━━━━━ The data

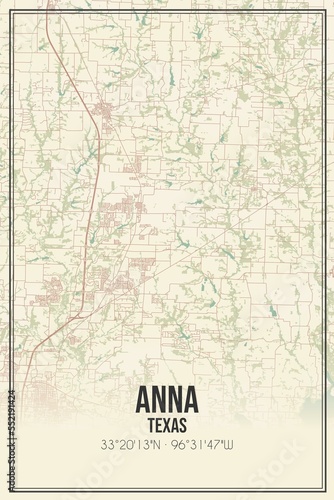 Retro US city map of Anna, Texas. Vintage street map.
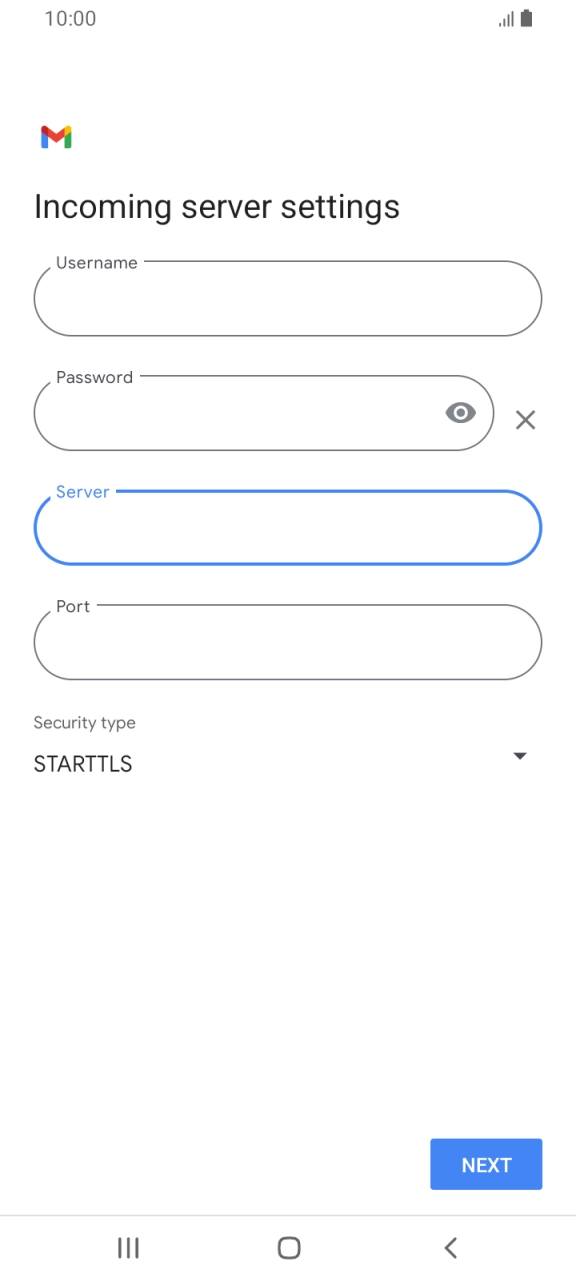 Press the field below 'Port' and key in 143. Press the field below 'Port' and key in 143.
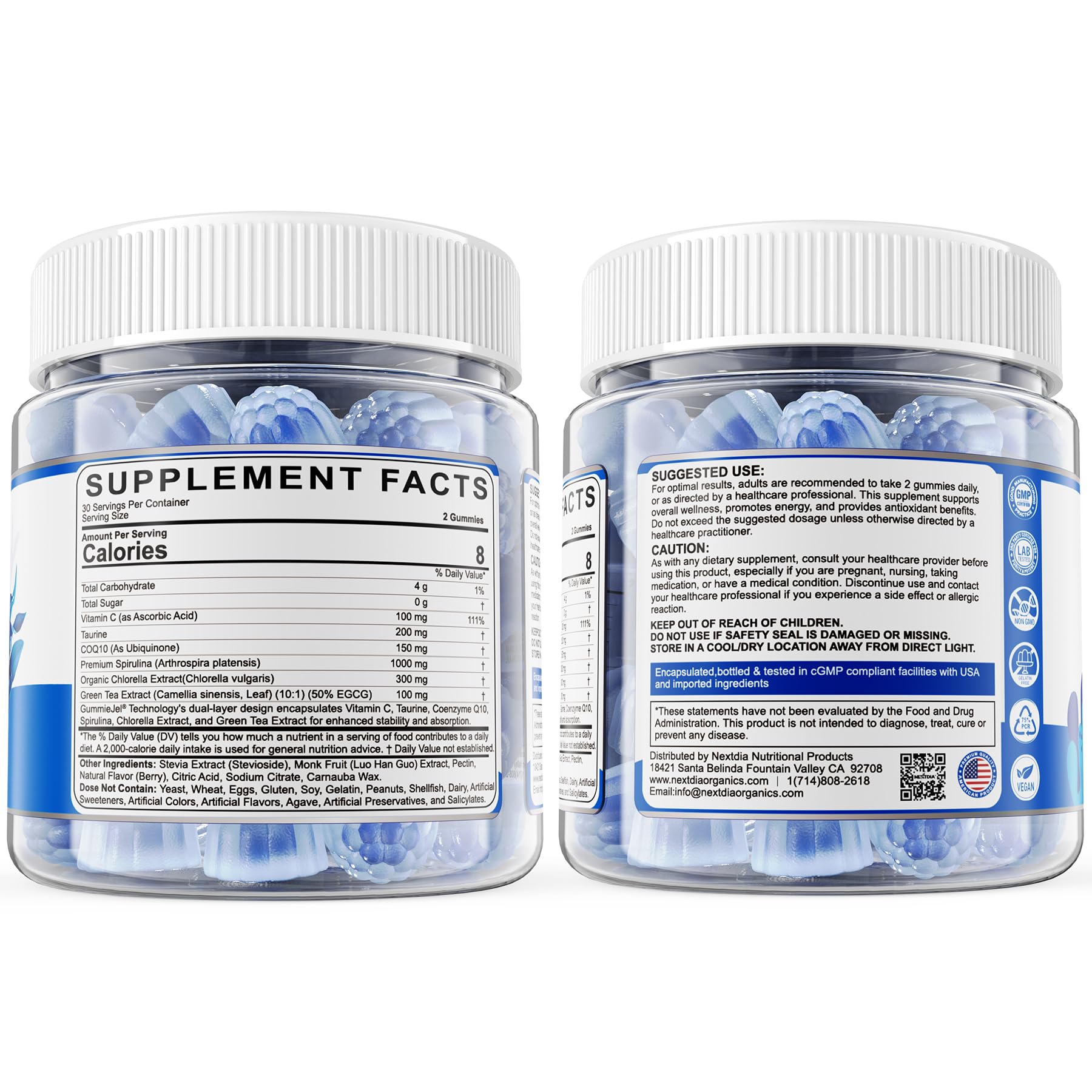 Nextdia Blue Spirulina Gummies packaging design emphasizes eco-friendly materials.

━━━━━━━━━━
━━━━━ The data

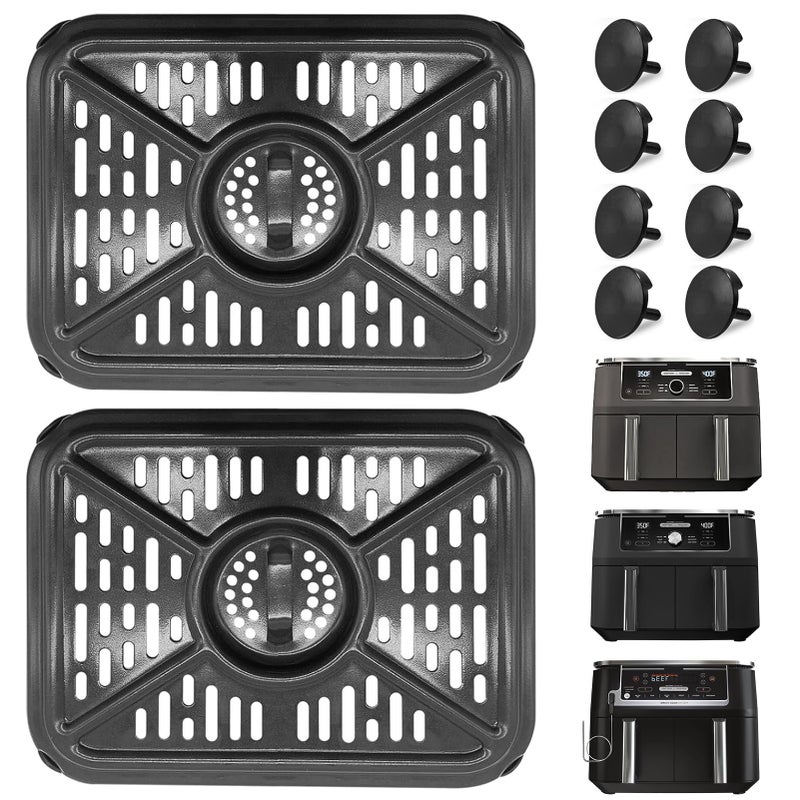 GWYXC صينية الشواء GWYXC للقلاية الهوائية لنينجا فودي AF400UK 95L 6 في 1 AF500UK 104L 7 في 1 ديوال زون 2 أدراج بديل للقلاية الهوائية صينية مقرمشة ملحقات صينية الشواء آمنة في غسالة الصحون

━━━━━━━━━━
━━━━━ The data

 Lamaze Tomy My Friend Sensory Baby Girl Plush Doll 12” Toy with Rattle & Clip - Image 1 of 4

━━━━━━━━━━

Repeat only the stretch of data above that runs from the line with "Press the field below 'Port' and key in 143. Press" to the line with "Nextdia Blue Spirulina". Keep both end lines; exclude pictures.

Exercise solution:
 Press the field below 'Port' and key in 143. Press the field below 'Port' and key in 143.
 Nextdia Blue Spirulina Gummies packaging design emphasizes eco-friendly materials.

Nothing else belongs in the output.